Gold hitted its high
By 08:10 GMT, spot gold was up 0.3% and at $1,920 an ounce, it had risen to its highest level since August 10. At $1,948.90, U.S. gold futures were unchanged.
From August 24-26, the Federal Reserve will host its annual symposium in Jackson Hole, Wyoming. Investors will be watching Chair Jerome Powell’s address on Friday to determine whether interest rates will continue to rise.
U.S. retreat
The opportunity cost of owning gold, which pays no interest, increases when U.S. rates rise. After weaker-than-expected global economic statistics, the dollar and U.S. rates declined. Baden Moore, head of carbon and commodities strategy at National Australia Bank, stated that the lower (PMI survey) result “pares the risk of further rate hikes in the U.S. and Europe, in our view, which is broadly positive for gold prices and applies downward pressure to U.S. Treasury yields.”
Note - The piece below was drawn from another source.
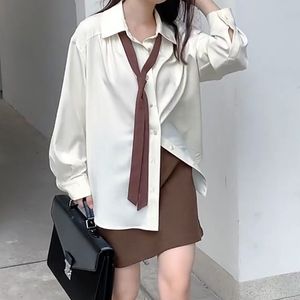 Винтажные элегантные свободные блузки женщины хараджуку шикарная офисная рубашка с галстуком рубашки с длинными рукавами эстетические женские топы блузка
With growth at its weakest since February, American economic activity nearly reached a point of standstill in August. Meanwhile, Britain’s economy is also faltering and may be about to enter a recession.
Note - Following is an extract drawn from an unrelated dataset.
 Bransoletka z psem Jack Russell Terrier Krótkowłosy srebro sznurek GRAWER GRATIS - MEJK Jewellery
Deepening stock market pain
As severe declines in company activity suggested that the economy was becoming more painful, traders also increased their wagers that the European Central Bank would suspend rate increases in September.
According to Reuters technical expert Wang Tao, safe-haven gold may continue advances into a range of $1,928-$1,934 per ounce. Spot silver decreased by 0.6% to $24.19 an ounce, while platinum increased by 0.1% to $930.38. To $1,265.47, palladium fell by 0.7%. A retest of silver’s year-to-date high, which is about $26, can be possible if immediate resistance at $24.50 is overcome, according to Yeap Jun Rong, a stock market strategist at IG.
Traders are waiting for
This week, the stock markets are anticipating a flood of economic reports from the largest economy in the world, including information on Q2 GDP, PCE inflation, and nonfarm payrolls. The US economy increased far more than anticipated in the second quarter, according to an earlier measurement of GDP, proving that activity had not slowed as much as the Fed had first anticipated.
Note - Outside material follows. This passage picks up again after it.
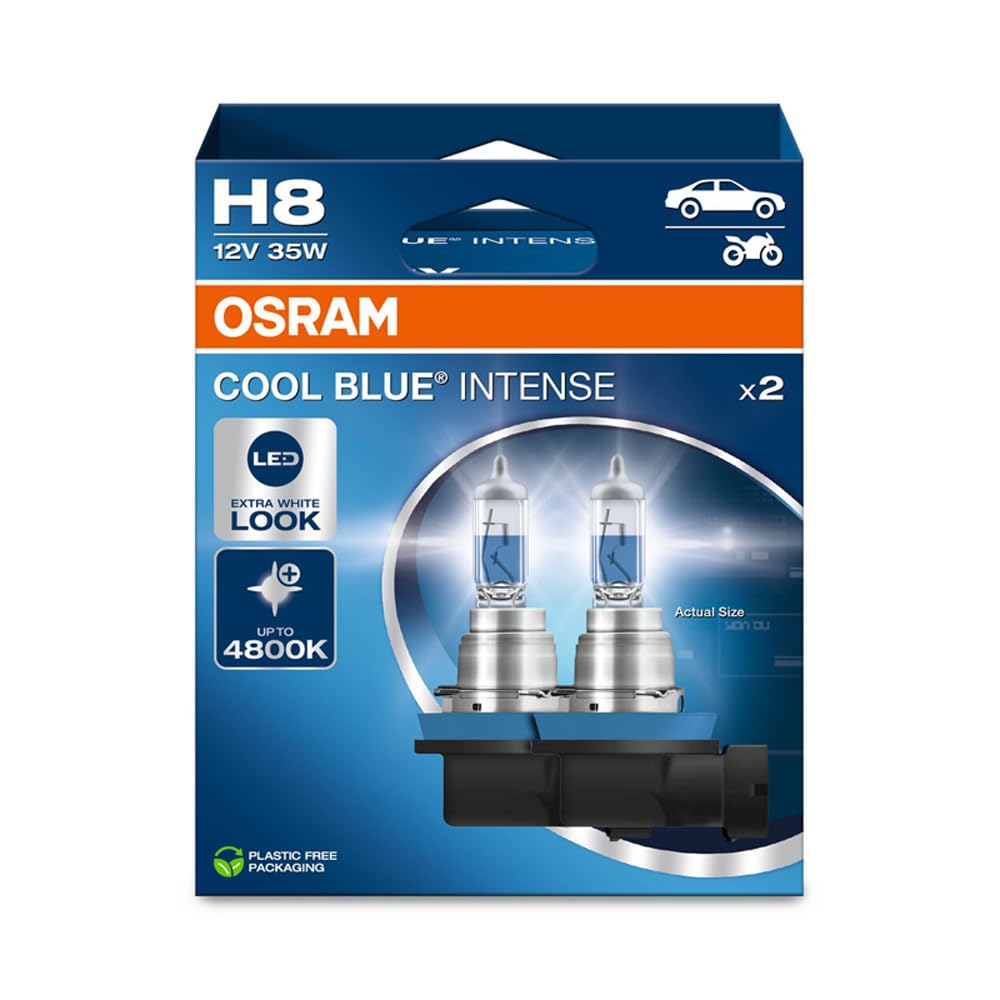 OSRAM COOL BLUE INTENSE H8, fino a 4800 K, lampada alogena, look LED, box duo (2 lampade)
In addition to growth, metal prices may be further impacted if inflation is high, and the employment in the stock market continues to be robust.
Bottom Line
Amit Khare, Associate Vice President at GCL Broking, claims that yesterday’s close for MCX Gold and Silver was favorable. September Silver finished at 73612 (0.09%), and October Gold closed at 58887 (0.42%). The daily charts for gold are interesting. In the near future, we can expect a positive upward movement. The same is also indicated by the RSI momentum indicator. Therefore, traders are recommended to open new buy positions in Gold and Silver close to the indicated support level one with a stop loss at the indicated support level two and to book positions close to the indicated resistance levels.